CMS also doesn’t have much to say to commenters’ frequent pleas to prioritize stabilization measures in HHQRP. “We believe that maintenance of function and avoidance or reduction in functional decline are appropriate goals for some home health patients,” CMS allows in the final rule. “As we continue to develop and refine standardized function measures, we will continue to assess and account for the unique characteristics of home health patients and the home health setting,” the agency says.
Prioritize Best Practices
In the rule, CMS acknowledges widespread support for removing topped out measures. But the move isn’t without risk. “While we are supportive of their removal, we do have some concerns regarding perfunctory removal of topped out measures from payment determinations,” cautioned UnityPoint at Home based in Urbandale, Iowa.
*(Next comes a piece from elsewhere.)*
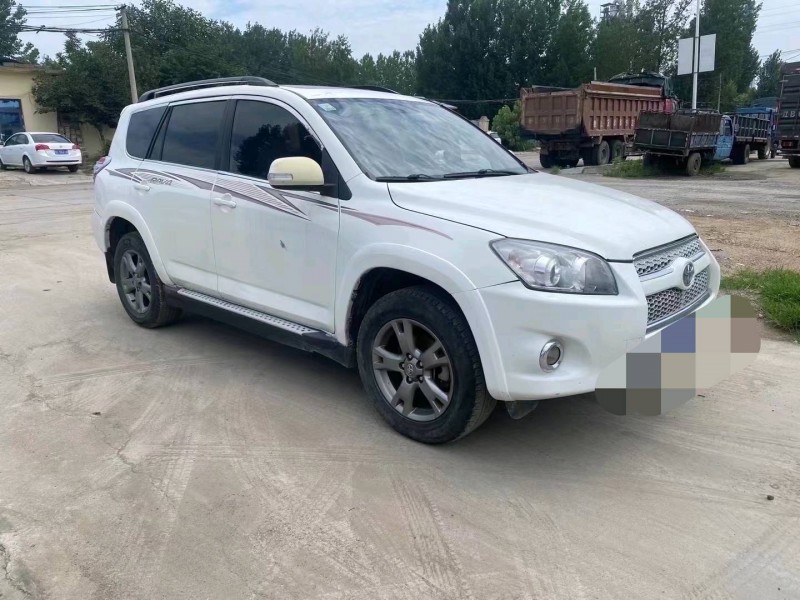 东营13年丰田RAV45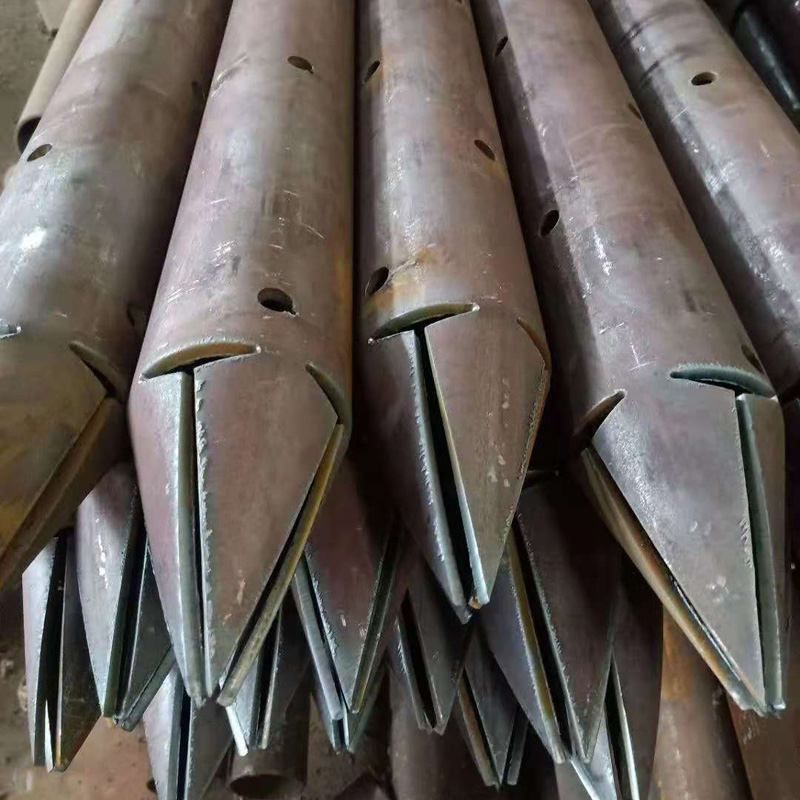东坡预埋注浆管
“First, we are concerned regarding public perception,” the health system-based agency said in its comment letter. “If several or all topped out measures are removed, there is a risk that public perception will erode as HHAs’ scores may experience fluctuation when several topped out scores are replaced in favor of new metrics.”
Best practice: “Second, many of the topped out measures are best practices from national quality boards related to monitoring, assessing and treating certain condition[s],” UnityPoint said. “We are concerned the removal of all topped out measures will divert HHAs from implementing best practices as recommended. For example, the National Pressure Ulcer Advisory Council recommends pressure ulcer risk assessment (i.e. Braden) interventions to be incorporated in the plan of care and implemented.”
Instead: CMS should “monitor removed topped out measures to assure that quality does not decrease,” UnityPoint said. But the agency didn’t respond to that specific comment in the final rule.